Rudy is a 9-year-old German shorthaired pointer with a regal personality and loving owners who are divorced. The humans in his life agreed to a shared-custody arrangement: Every two weeks, Rudy goes back and forth between their two homes in Western Massachusetts.
It was an informal deal, worked out with no help from a divorce court. During the breakup, however, Christina Trinchero and her ex-husband brought up the subject of Rudy with their lawyers. “Both of them said: ‘Sorry, we can’t help you with that. You have to figure it out on your own,’ ” she recalls.
Almost 80 million U.S. households, or roughly two-thirds, own a pet, according to a 2015 survey from the American Pet Products Association. For every five American couples who get married in a given year, two couples get divorced. At a time when Americans increasingly are delaying having children, pets can be the most crucial question raised by a divorce or breakup: Who gets custody of the companion animals? Yet courts have little to say on the issue.
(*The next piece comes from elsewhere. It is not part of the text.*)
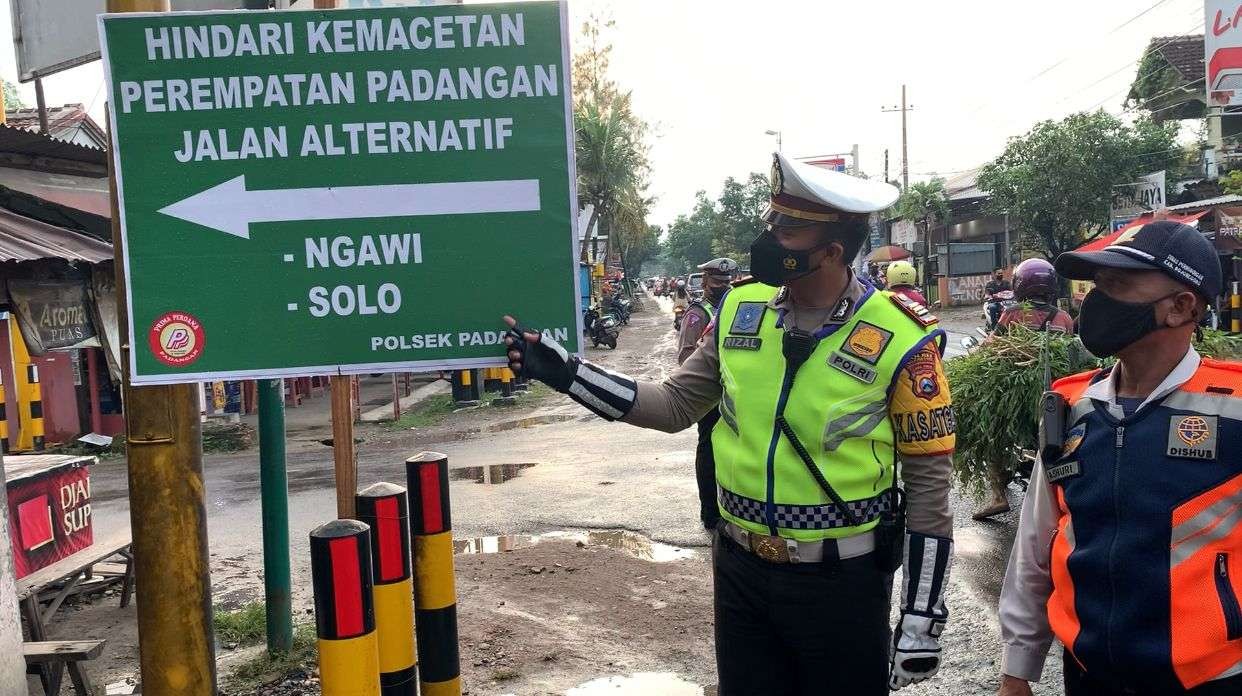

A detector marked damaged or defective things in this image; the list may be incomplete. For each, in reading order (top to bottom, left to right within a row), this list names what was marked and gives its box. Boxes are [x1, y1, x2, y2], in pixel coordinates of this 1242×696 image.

pothole in road [486, 412, 578, 430]
pothole in road [452, 462, 539, 484]
pothole in road [454, 529, 700, 561]
pothole in road [566, 671, 710, 691]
Traditionally, the law sees pets as property, no different from a couch or a house plant. That can feel bizarre, given that the average dog or cat has a market value of zero-and, in fact, can cost thousands of dollars to feed, walk, and keep healthy. But emotional attachment can turn a beloved pet into a valuable bargaining chip in divorce negotiations.
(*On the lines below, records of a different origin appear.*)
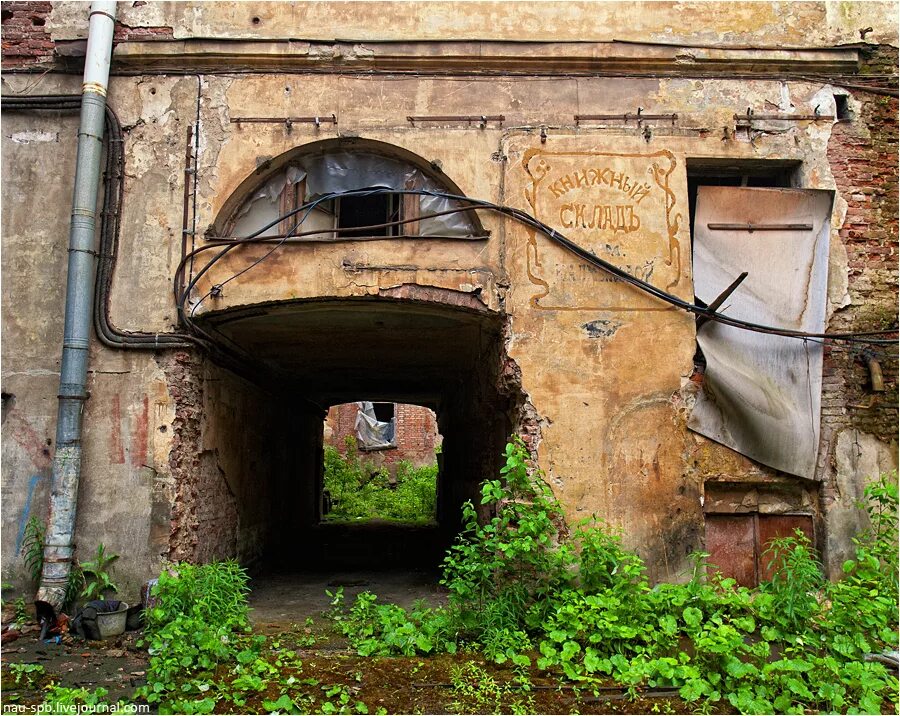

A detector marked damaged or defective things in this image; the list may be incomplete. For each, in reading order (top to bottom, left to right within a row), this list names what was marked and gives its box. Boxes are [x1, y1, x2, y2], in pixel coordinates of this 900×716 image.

rusted metal bracket [232, 114, 338, 131]
rusted metal bracket [572, 107, 680, 125]
rusted metal bracket [736, 106, 832, 123]
broken window [221, 151, 478, 241]
rusty drainpipe [35, 0, 117, 616]
rusted metal bracket [700, 272, 748, 330]
broken window [688, 182, 828, 478]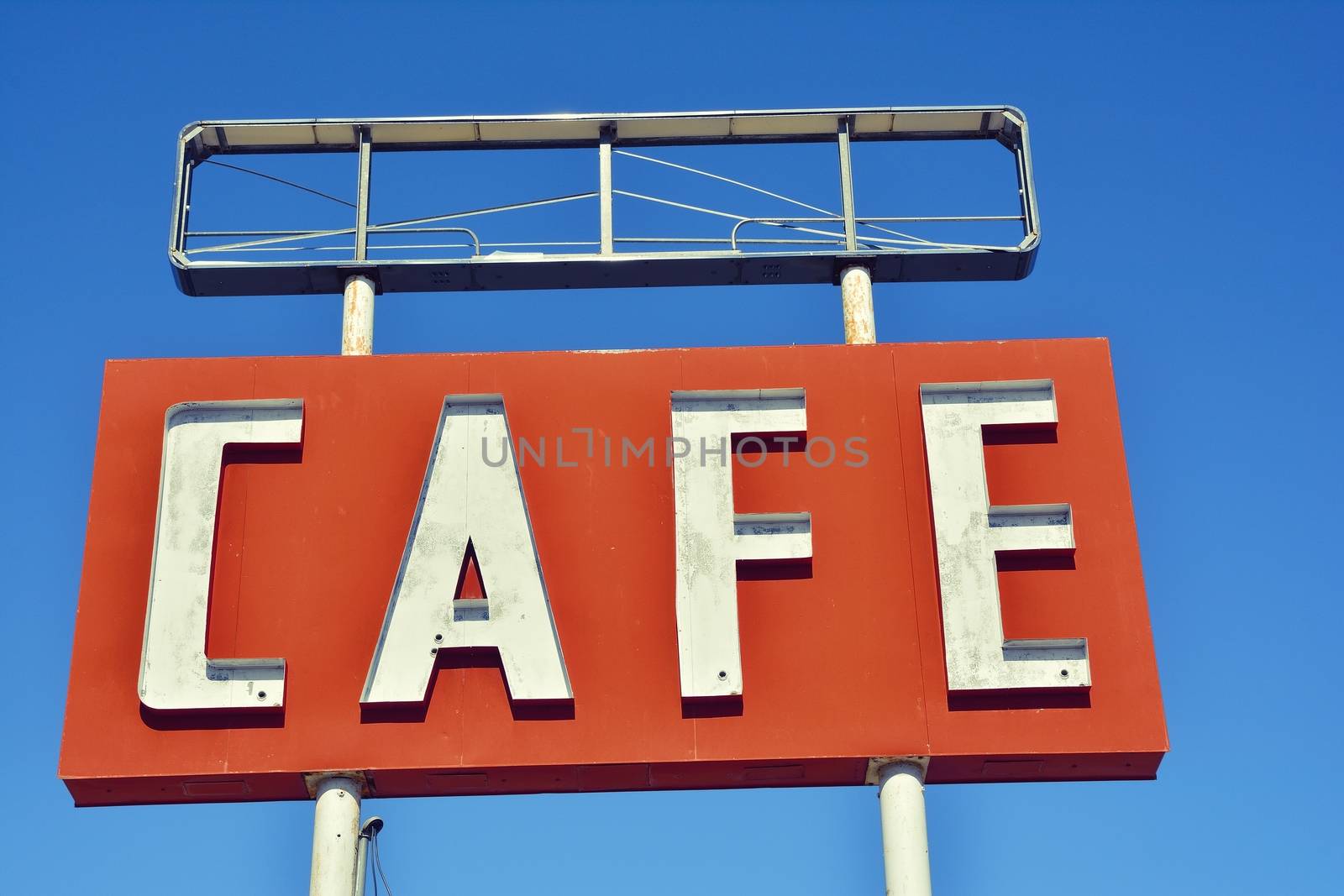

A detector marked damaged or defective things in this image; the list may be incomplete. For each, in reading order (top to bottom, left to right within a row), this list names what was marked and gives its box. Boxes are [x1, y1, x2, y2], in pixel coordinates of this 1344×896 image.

rusty metal pole [838, 265, 870, 346]
rusty metal pole [307, 778, 360, 896]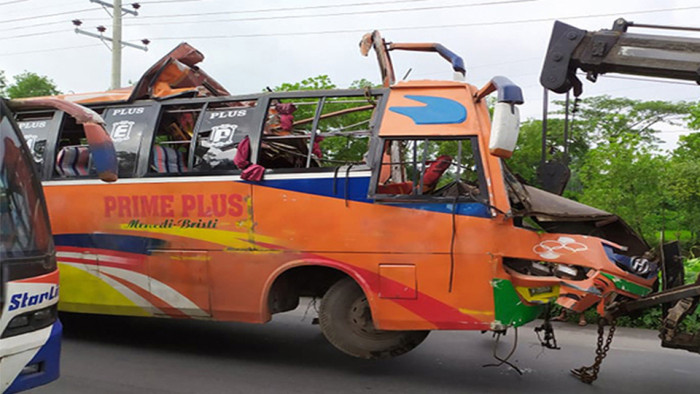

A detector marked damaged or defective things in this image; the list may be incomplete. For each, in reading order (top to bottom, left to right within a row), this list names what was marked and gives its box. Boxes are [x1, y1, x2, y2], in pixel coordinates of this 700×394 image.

“People use the animals against one another,” says Natalie Reeves, a New York-based divorce lawyer at the firm ToniAnn Grande and an expert on animal law. In bitter divorces, she says, “you take whatever another person loves the most and try to use that against them.” That might mean demanding the cat, even if the animal is more attached to your ex.
Judges have a lot of discretion in how they divide property in a divorce. You can strengthen a claim if you can prove that you used your own money-earned before the marriage-to buy the pet or pay for its veterinary bills, Reeves says. Judges are also increasingly considering other factors when splitting up pet-owning couples, such as the best interests of the pets or the families that love them.
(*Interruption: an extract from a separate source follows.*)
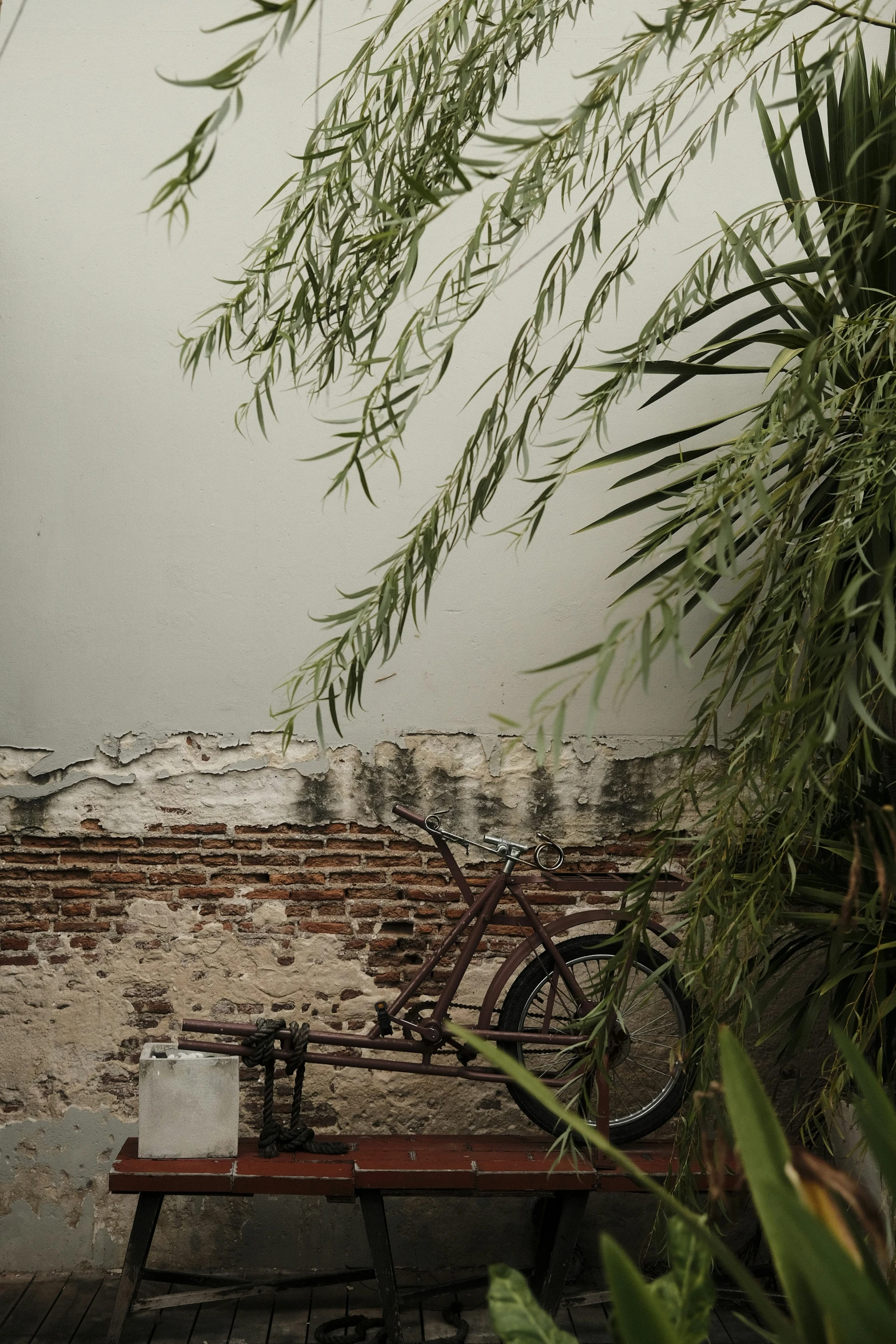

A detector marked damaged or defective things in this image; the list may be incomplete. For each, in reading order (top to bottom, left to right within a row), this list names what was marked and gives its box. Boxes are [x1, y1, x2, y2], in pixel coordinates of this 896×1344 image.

old rusty bicycle [182, 810, 695, 1144]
When two women were divorcing in 2013, a New York judge agreed to hold a rare hearing on their fight over a dog. “Although Joey the miniature dachshund is not a human being and cannot be treated as such, he is decidedly more than a piece of property,” Judge Matthew Cooper wrote. The ruling was one of the first times a court had ever explained reasons for considering pets as more than property, making it influential even though Judge Cooper is a lower-court judge. The couple eventually settled their dispute out of court.
Judges, including Cooper, have so far rejected the idea of ordering joint custody arrangements for pets. They also refuse to hold custody hearings for pets in the same way they do for human children. Couples can hire lawyers to negotiate a private contract, separate from their divorce, to settle questions of pet custody. In practice, Reeves warns, there’s no guarantee any court will take these agreement seriously. These deals can also be expensive to negotiate and enforce.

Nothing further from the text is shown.